Not really, been having trouble with it for a while.  Just started documenting it to make sure someone is aware and see if others experience the same thing.


----------



## pops6927 (Jan 23, 2011)

No problems whatsoever, at all, no lockups, no weird messages, no pics failing to post, nothing.. nada.. everything is working stupendously!  I should add... once I switched from IE to Google Chrome... prior to that, it all sucked!


----------



## bbally (Jan 23, 2011)

Pops6927 said:


> No problems whatsoever, at all, no lockups, no weird messages, no pics failing to post, nothing.. nada.. everything is working stupendously!  I should add... once I switched from IE to Google Chrome... prior to that, it all sucked!


OK I see... second time the browser thing has come up.


----------



## bmudd14474 (Jan 23, 2011)

Bob at work I have had lots of calls from folks with weird issues on lots of different sites and they almost all end up being related to IE.


----------



## SmokinAl (Jan 25, 2011)

Try google chrome, it's fast, it's free, just download from google. Has none of the IE issues. I've been using it for about 1 year & have had no problems.


----------



## fpnmf (Jan 25, 2011)

Dang it I knew it would happen... This happened and then the site got all wacky. Cleared the cache and all that stuff and restarted.

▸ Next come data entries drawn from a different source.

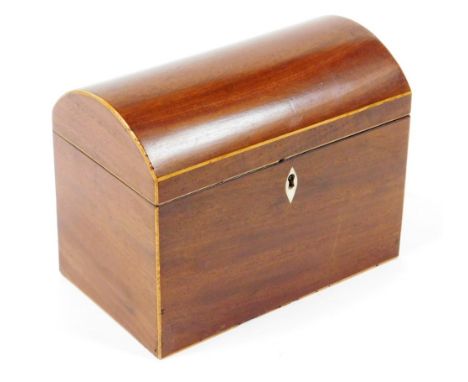 A 19thC mahogany and boxwood strung tea caddy, with a domed lid enclosing two divisions, 18cm wide. 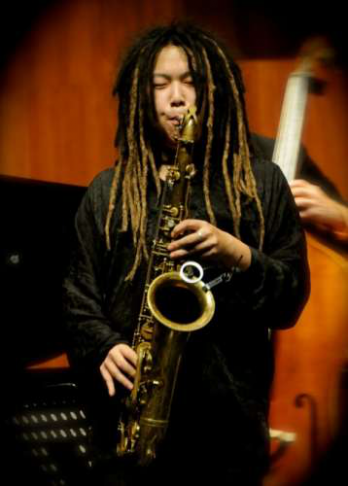 Saxofonistul Li Gaoyang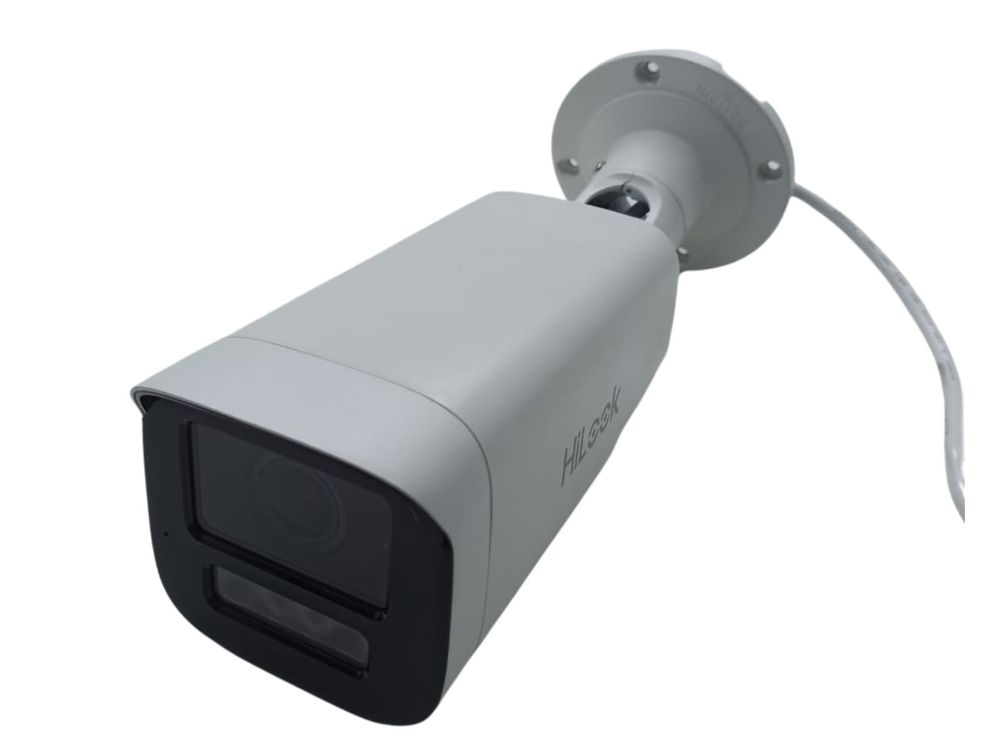 [RESIGILAT] Camera IP exterior Hikvision HiLook IPC-B640HA-LZU/SL(2.8-12mm)-R1, 4MP, Iluminare Duala, varifocala 2.8-12mm, Audio, PoE, IP67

Seems ok now...

*Warning*: array_merge() [function.array-merge]: Argument #2 is not an array in */var/www/sites/www.smokingmeatforums.com/releases/20110113204943/config/class-configurator.php* on line *140*

*Fatal error*: Uncaught exception 'Exception' with message 'TOP_LEVEL_CATEGORY has not been defined' in /var/www/sites/www.smokingmeatforums.com/releases/20110113204943/config/class-configurator.php:31 Stack trace: #0 /var/www/sites/www.smokingmeatforums.com/releases/20110113204943/config/class-configurator.php(26): Configurator::requireDefined('TOP_LEVEL_CATEG...') #1 /var/www/sites/www.smokingmeatforums.com/releases/20110113204943/common/common.php(92): Configurator::requireDefined(Array) #2 /var/www/sites/www.smokingmeatforums.com/releases/20110113204943/module.php(2): require_once('/var/www/sites/...') #3 {main} thrown in */var/www/sites/www.smokingmeatforums.com/releases/20110113204943/config/class-configurator.php* on line *31*


----------